As for size, standing 102mm tall, 138mm wide and 135mm deep with the lens retracted, and weighing not far short of a kilogram (966 grams including battery and SD card), yup I’d hesitate to call it compact.

That said, I did go on several walks of several kilometres with the camera slung over my shoulder and it left me unbruised.

The camera uses a 20.1 megapixel MOS sensor to capture images. The “hybrid” moniker comes from certain video-friendly features (many of which are useful in still photography as well). For example, there’s a built in neutral density filter with three settings – 1/4, 1/16 and 1/64 – accessible via switch on the side of the lens. The bane of cinematography can be too much light, leading to fast shutter speeds, leading to too little motion blur during camera movement, leading to judder as the picture jumps from one sharp position to the next at 24 times per second. A bit of neutral dimming allows a slower shutter speed, eliminating the problem.
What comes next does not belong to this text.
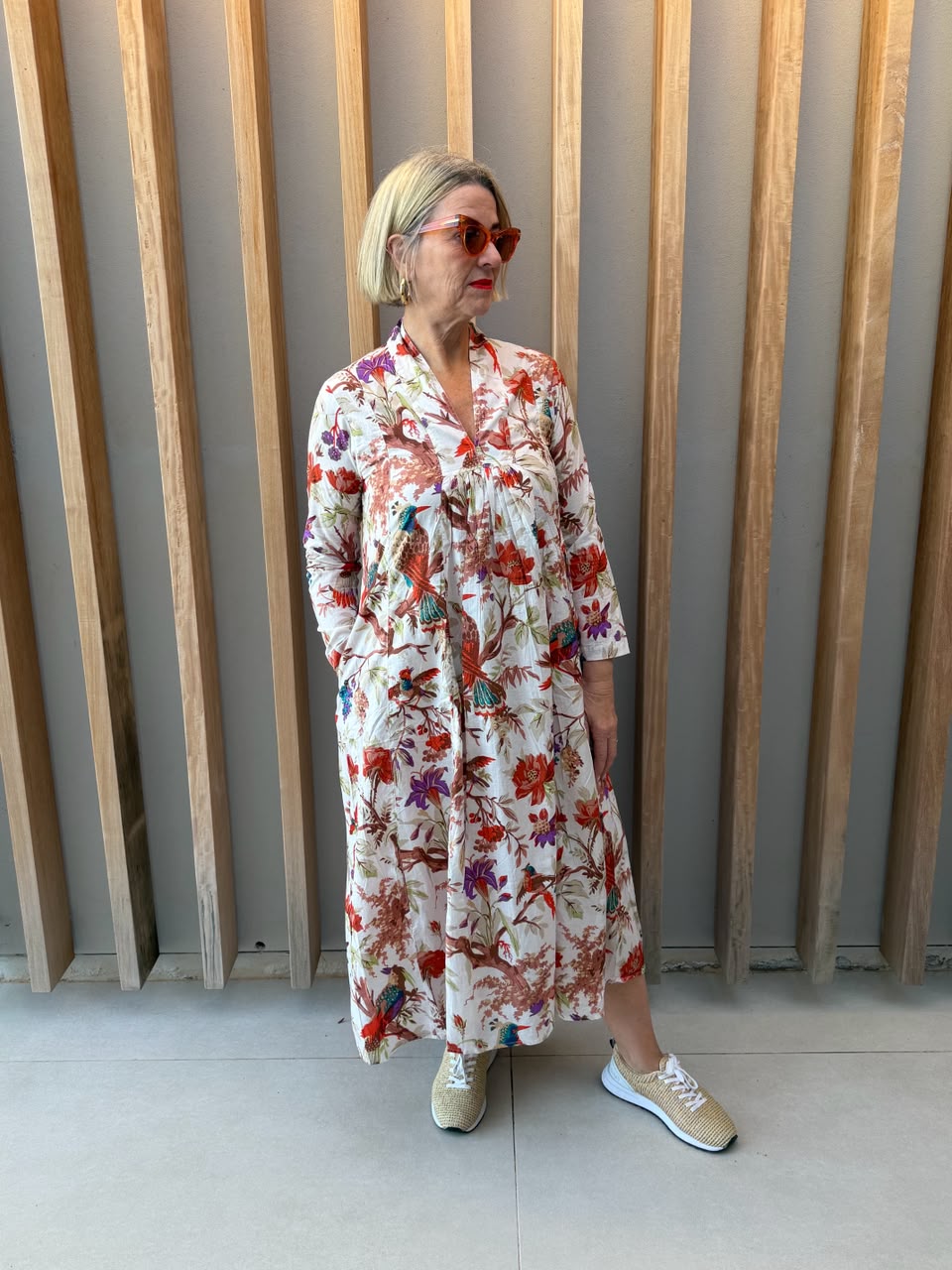 White dress with floral bird pattern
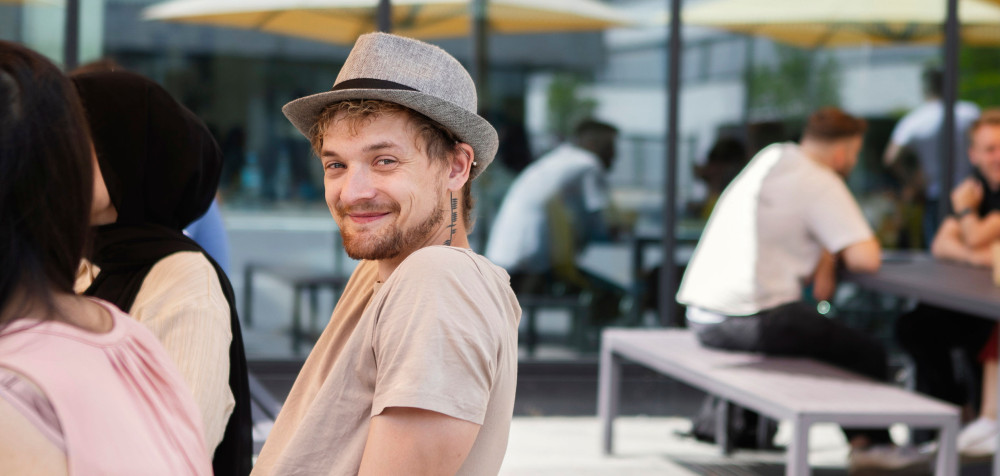 Ein junger Mann sitzt gemeinsam mit Studierenden auf einer Bank vor der Mensa.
The 9-blade aperture diaphragm provides smooth out-of-focus backgrounds. There’s a variable frame rate function where you can dial in frame rates of between 2 and 120 frames per second, allowing from near time-lapse speeding up to 1/5x slow motion. And, of course, there’s real time-lapse video recording.

An external microphone input is provided, and some of the video formats support LPCM stereo sound for the highest quality.

In addition, basically all the features that Panasonic packs into its interchangeable lens cameras are built into this one as well. The video tops out at 30fps in 4K, but you can record at up to 100Mbps for very high quality. There’s focus bracketing, high speed burst shooting, 4K post-shooting focus selection. You’re not going to be disappointed by some missing features. For still photographers, a socket for an optional remote shutter release is provided.

There’s also WiFi for uploading content and for remotely controlling the camera.

Both a 75mm one megapixel rear panel LCD screen – that can conveniently fold out to all kinds of angles – and a 2.3 megapixel OLED viewfinder are provided. Panasonic says the viewfinder has a contrast ratio of 10,000:1. Of course it uses SD cards for holding your photos and videos. For the highest 4K video standards, UHS U3 cards are recommended.

Performance

This was an easy camera to use. I don’t say that lightly. If you just leave it on Intelligent Auto it will handle pretty much everything for you. All you’ll have to do is zoom and shoot. A two-stage shutter release press is available to allow it to focus, although in normal circumstances that was extremely fast. Want a little more flexibility, then choose “P” for Program. In that mode you can use the quick menu to bring up settings like Auto ISO and White Balance and switch them to fixed settings. Hit the Exposure Compensation button and you can dial up to five stops either way using a thumb wheel. A couple of stops was great for shooting birds on power lines, silhouetted against the sky. Or you can move the dial further to Aperture or Shutter priority, or fully Manual should you want.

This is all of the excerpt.